[HN Gopher] ICPP - Run C++ anywhere like a script
       ___________________________________________________________________
        
       ICPP - Run C++ anywhere like a script
        
       Author : davikr
       Score  : 77 points
       Date   : 2024-08-04 03:36 UTC (4 days ago)
        
 (HTM) web link (github.com)
 (TXT) w3m dump (github.com)
        
       | celrod wrote:
       | How feasible would it be for something like gdb to be able to use
       | a C++ interpreter (whether icpp, or even a souped up `constexpr`
       | interpreter from the compiler) to help with "optimized out"
       | functions?
       | 
       | gdb also doesn't handle overloaded functions well, e.g. `x[i]`.
        
         | mananaysiempre wrote:
         | It does though?

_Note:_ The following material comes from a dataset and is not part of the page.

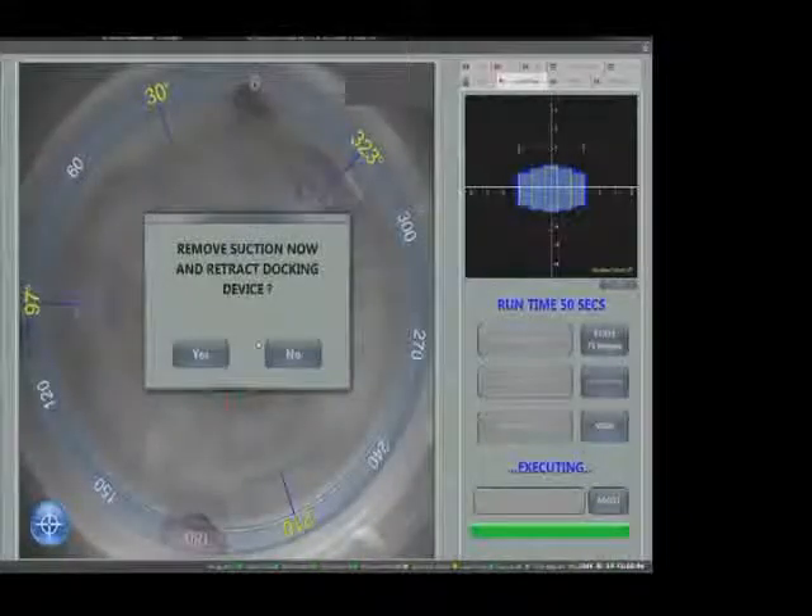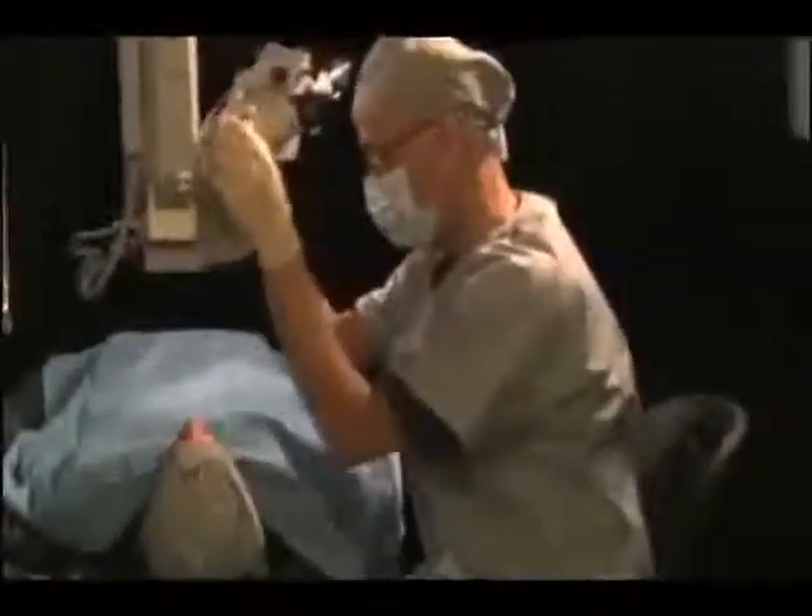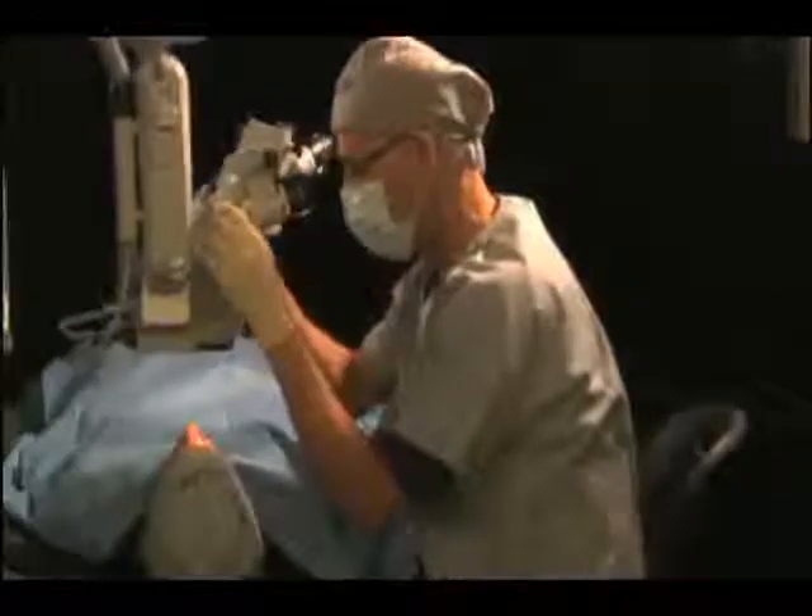At the end of the treatment, a single button releases suction and retracts the laser head. When the Lensar laser system is used in the OR with the patient prepped and draped, the surgical microscope can be swung into place once the laser head is parked and surgery can be started immediately.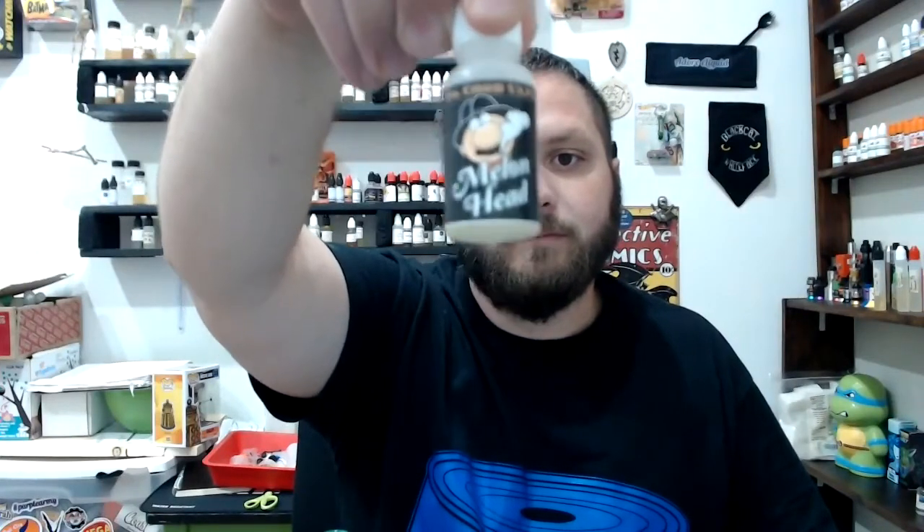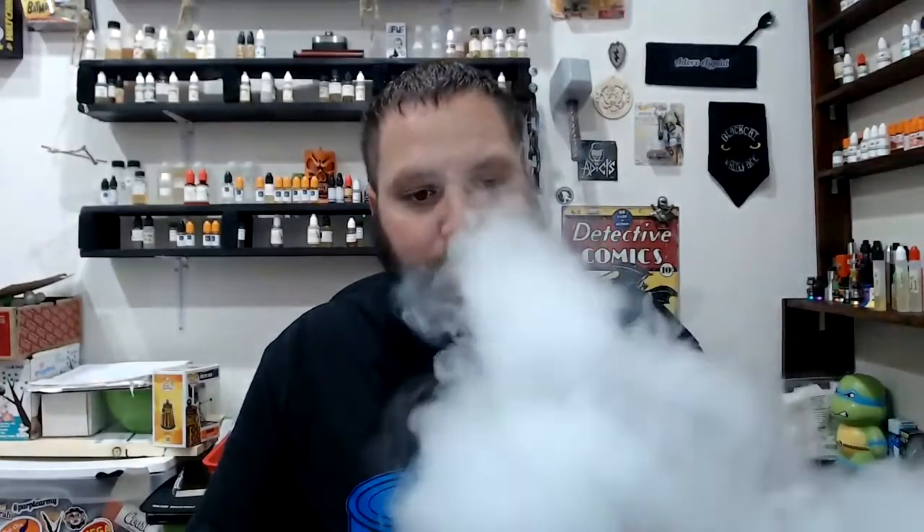So the first one we're going to be looking at is Melon Head. The description is a fusion of sweet cantaloupe, papaya, and mango, cut with fresh citrus — created especially for the fruit-craving vaper. What I finally figured out is what I don't like about this one is the papaya. The papaya adds this kind of floral note in there.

Just compiled a small program that creates a
         | vector, and GDB is perfectly happy accessing it using this
         | syntax. It will even print std::string's correctly if you cast
         | them to const char* by hand. (Linux x86-64, GDB 14.2.)
        
           | scintill76 wrote:
           | > It will even print std::string's correctly if you cast them
           | to const char* by hand
           | 
           | What does that mean? I think `print str.c_str()` has worked
           | for me in GDB before, but sounds like you did something
           | different.
        
             | mananaysiempre wrote:
             | I was observing that `p (const char *)str` also worked in
             | my experiment, but I'm far from a C++ expert and upon
             | double-checking this seems to have been more of an accident
             | than intended behaviour, because there is no operator
             | const_pointer in basic_string that I can find. Definitely
             | use `p str.c_str()`.
        
               | twoodfin wrote:
               | If your std::string was using a short string
               | optimization, that would explain the "accident".
               | 
               | Some implementations even put char[0] at the first byte
               | in the optimized form.
        
               | scintill76 wrote:
               | That explanation doesn't work IMO, unless `str` is a
               | std::string pointer, which is contrary to the syntax GP
               | suggested with `str.c_str()`.
               | 
               | It doesn't seem possible in actual C++ that the cast from
               | non-pointer to pointer would work at all (even if a small
               | string happens to be inlined at offset 0.) Like GP, I
               | looked for a conversion operator, and I don't think it's
               | there. Maybe it is a feature of the gdb parser.
        
               | twoodfin wrote:
               | Good point, but if it's a long string, 2/3 of the most
               | common implementations would make the first word the
               | c_str()-equivalent pointer:
               | 
               | https://devblogs.microsoft.com/oldnewthing/20240510-00/?p
               | =10...
        
               | fluoridation wrote:
               | So it's actually printing *(const char **)&s?
        
               | twoodfin wrote:
               | The first pointer-sized chunk of the string structure is
               | a pointer to the C-string representation. So the cast
               | works as written.
        
               | fluoridation wrote:
               | Well, no, because (const char *)str is nonsense, if str
               | is an std::string.
        
           | celrod wrote:
           | I've defined a few pretty printers, but `operator[]` doesn't
           | work for my user-defined types. Knowing it works for vectors,
           | I'll try and experiment to see if there's something that'll
           | make it work.                 (gdb) p unrolls_[0]       Could
           | not find operator[].       (gdb) p unrolls_[(long)0]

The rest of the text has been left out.